Russia’s liberal, muckraking newspaper “Novaya gazeta” reported last week
that Lieutenant General Vladimir Shamanov, commander of the airborne forces, sent special-forces (spetsnaz) troops into Moscow to block a criminal investigation. The Investigative Committee of the Prosecutor-General’s Office (SKP) suspected Shamanov’s son-in-law, Aleksei Khramyshin, of trying to have a business rival murdered in 2006.
According to declassified audio intercepts published by “Novaya gazeta,” when Shamanov heard that a factory Khramyshin owned was to be searched, he ordered that commandoes from the 45th Separate Special Designation Regiment be sent to secure the building and detain the investigator. Tipped off, the SKP team hastily withdrew.
So far, so unexceptional.
For years senior commanders have used their political and military muscle to make money and defy the law. However, in the past the government has tended to play down or even suppress such stories. This time, the SKP was allowed to release the tapes, and Defense Minister Anatoly Serdyukov at once ordered an investigation.
Shamanov claims that his words were taken out of context – something hard to sustain on listening to the tapes – and that he is the victim of a smear campaign. Within the General Staff, though, former allies are now conspicuous in their desire to keep their distance from him. The consensus seems to be that he faces at best a quiet transfer to a less important position, at worst the ignominy of dismissal.
On the surface, then, this is encouraging news, suggesting that the government is at last beginning to crack down on the abuse of office within the high command. The reality is less optimistic, though.
Broke Unwritten Rules
First of all, Shamanov’s case is unusual. A bluff, forceful man, he was an effective field commander (he commanded Russian forces in Chechnya and in the August 2008 war against Georgia; human rights activists have accused him of complicity in crimes against humanity during the North Caucasus campaigns) but out of place within the often-byzantine politics of the high command. He commands much respect, but little affection amongst his peers. More to the point, he does not have a wide network of clients and allies.
Perhaps most important, he broke the unwritten rules. Not only was he indiscreet enough to be recorded, he acted in a way to embarrass or alarm the Kremlin. A fear of Bonapartism, of political intervention by the military, is deeply embedded within Russian political culture. By deploying special forces into Moscow on his personal authority, Shamanov highlighted the Kremlin’s lack of effective control over the military and in the process touched a very raw nerve.
And he committed another cardinal sin: He drew attention to the misdeeds of the officer corps at the very time that they are looking forward to a boom time for corruption. For example, the Defense Ministry’s efforts to sell off unneeded land and facilities, while currently sluggish because of the economic slowdown, are a great source of potential ill-gotten gains. The Main Military Procuracy (GVP) has suggested that property might be sold to officers or their partners at unrealistically low prices.
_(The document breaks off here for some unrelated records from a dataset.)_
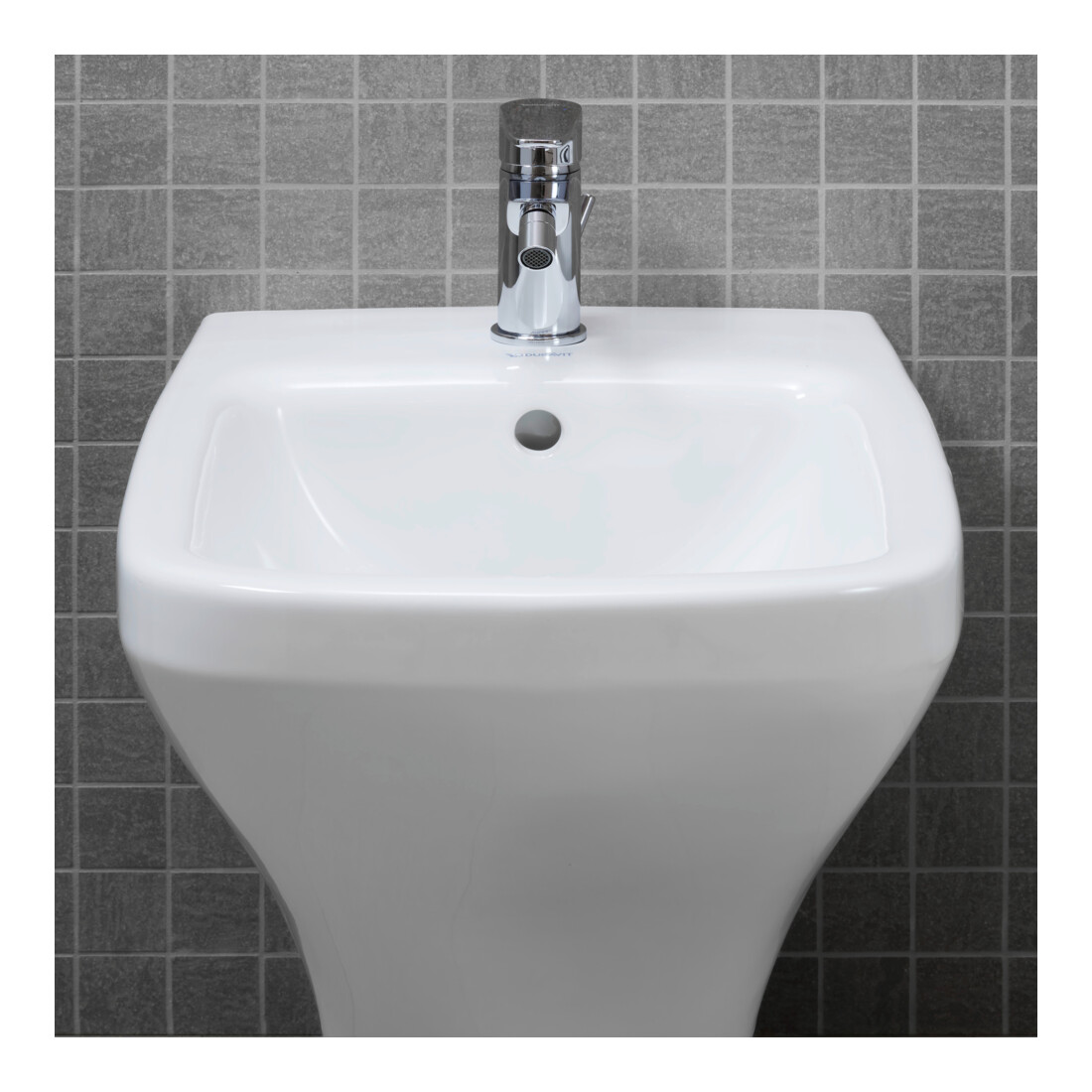 Duravit Bidet sur pied DuraStyle 37x57,5 cm, avec trop-plein, blanc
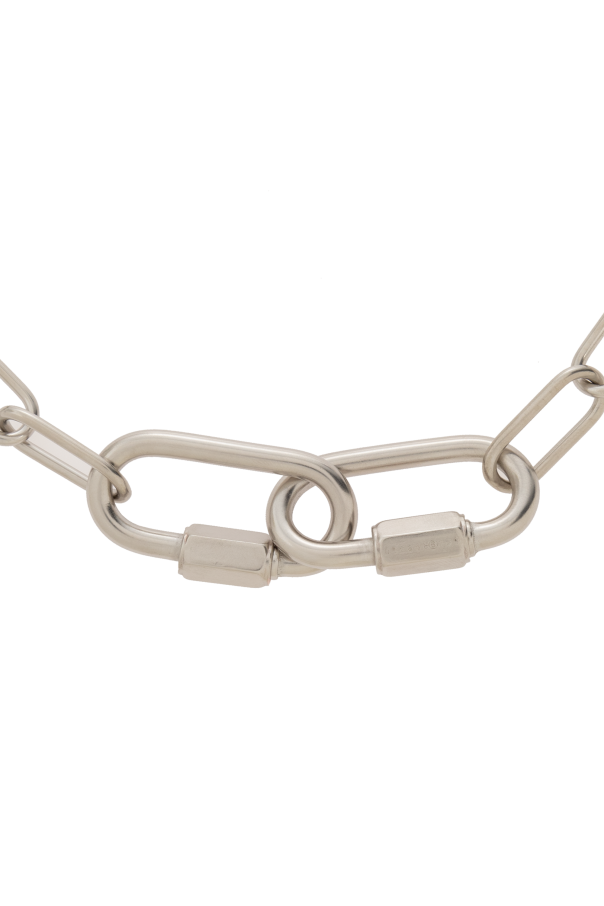 MM6 Maison Margiela Necklace with Carabiners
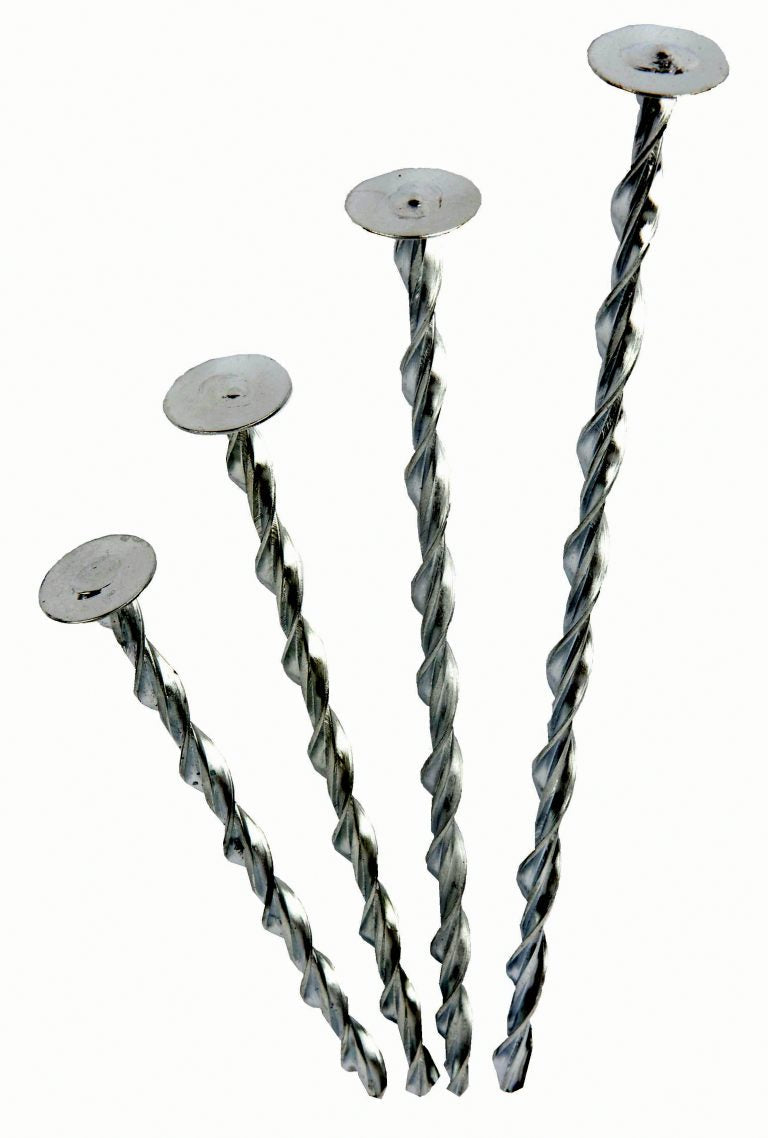 HELICAL FLAT ROOF FIXING M8 X 165MM MAX FIXTURE THICKNESS 130MM PACK 25 — representative range photo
Even more lucrative, though, are the opportunities provided by the current military reform plans. The defense budget has been regularly increased in recent years and is to rise by 8 percent in 2010. A growing proportion of this will go toward a program of professionalization, slimming down the bloated military establishment while offering better salaries, facilities, and conditions to those who remain. Already, some officers receive bonuses trebling or quadrupling their basic pay. The result has been a scramble to secure these bonuses as well as to avoid dismissal as part of the downsizing.
Severely And Quickly
This has created massive opportunities for corruption. Senior officers and those within the personnel directorate can demand and expect substantial bribes for their recommendations. According to some Defense Ministry sources, the going rate can be the equivalent of a full year’s salary in return for guaranteeing continued employment on the higher pay scale.
Furthermore, the Defense Ministry is gearing up for a massive campaign of refurbishing and replacing rundown barracks and other facilities. This opens up opportunities for a wide range of money-making ventures from selling off second-hand furniture and equipment (which is then logged as having been destroyed) to manipulating bidding by contractors to secure government contracts.
It is therefore no wonder that so many senior officers want Shamanov dealt with, severely and quickly. At present, many are doing very well out of their current opportunities for graft and embezzlement, with little risk of prosecution. They also see even greater prospects on the horizon.
However, President Dmitry Medvedev has identified himself with the fight against corruption and Serdyukov is concerned about the cost of embezzlement to the defense budget. In that context, this cohort of corrupt senior officers fears that Shamanov’s case could force the Kremlin, at last, to crack down on criminality within the high command. But there is little sign of any real appetite for a thorough cleaning of the high command.
Whatever happens to Shamanov, the likelihood is that Russia’s dirty generals will continue to enjoy business as usual – so long as they keep a low profile.
Mark Galeotti is the academic chair of the Center for Global Affairs at New York University and author of "In Moscow’s Shadows," a blog on crime and corruption in Russia. The views expressed in this commentary are the author's own and do not necessarily reflect those of RFE/RL.